- _PROVIDED DATA_
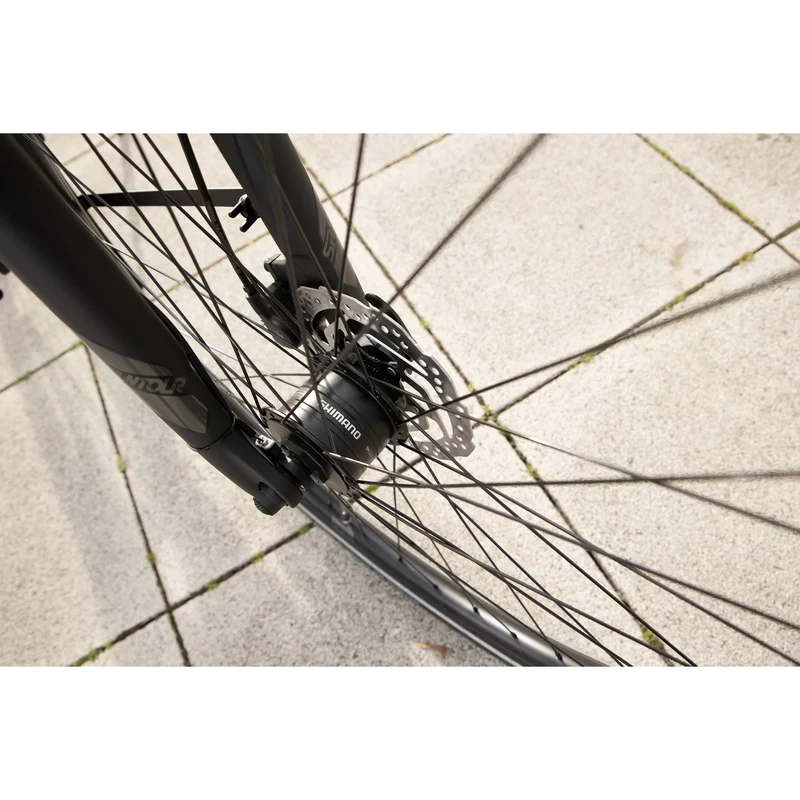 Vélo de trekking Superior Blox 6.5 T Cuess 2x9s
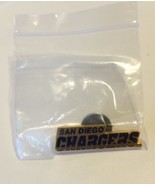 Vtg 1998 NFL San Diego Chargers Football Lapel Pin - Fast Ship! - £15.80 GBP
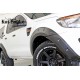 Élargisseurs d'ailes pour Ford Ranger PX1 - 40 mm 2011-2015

- _WHAT YOU ARE ASKED TO DO_
The whole listing should be reproduced exactly. Images don't go in.

- _SOLUTION FOR THIS PROBLEM_
 Vélo de trekking Superior Blox 6.5 T Cuess 2x9s
 Vtg 1998 NFL San Diego Chargers Football Lapel Pin - Fast Ship! - £15.80 GBP
 Élargisseurs d'ailes pour Ford Ranger PX1 - 40 mm 2011-2015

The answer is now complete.